A Neohumanist Approach to Foreign LanguagesBy Didi Ananda Devapriya
The mind of children is already in a state of creative problem solving all the time as they constantly absorb new information about their world and how to interact with it, making it easy and natural for them to learn new languages.
Language acquisition is even easier for children than adults when presented in play way format because they have no inhibitions about learning something new. They naturally parrot-imitate new things. Often you can find small children babbling new words to themselves as they gain mastery over them during moments of free play.
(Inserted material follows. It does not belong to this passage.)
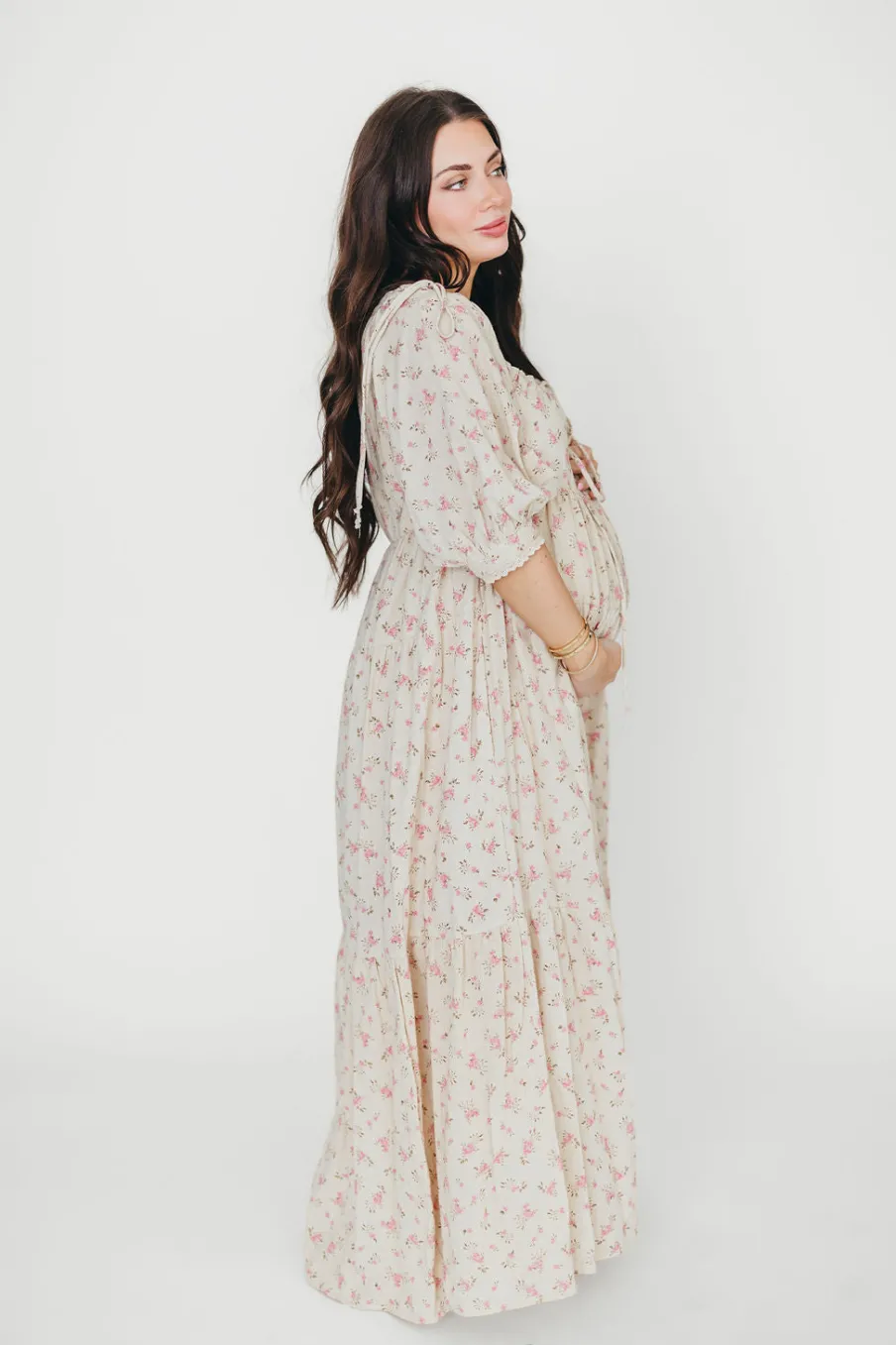 Online Worth Collective Cara 100% Cotton Maxi Dress in Pink/Brown Floral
Expression is motivated by feelings and thoughts which are universal to all human beings. Everything in the universe emanates particular vibrations. To communicate thoughts or ideas, we use sounds that we learned to associate with those different vibrations. Communication means to share or exchange our inner state with another – and this can be transmitted both verbally, through sounds, as well as non-verbally. Tone of voice, gestures and context are just as important to effective communication as having a common vocabulary of words. In fact, according to the science of Biopsychology, all human expression is universal up until it reaches the 5th cakra. It is only there that expression takes the form of a particular language. So, if we are able to remain undistracted by the difference in the sounds of a new language, and try instead to simply connect to the person that we want to communicate with, then that exchanging flow of communication can happen, regardless whether we understand their words or not. In order to do this successfully, we must open up our minds and let go of our inhibitions so that we can communicate from a subtler, more intuitive layer of the mind.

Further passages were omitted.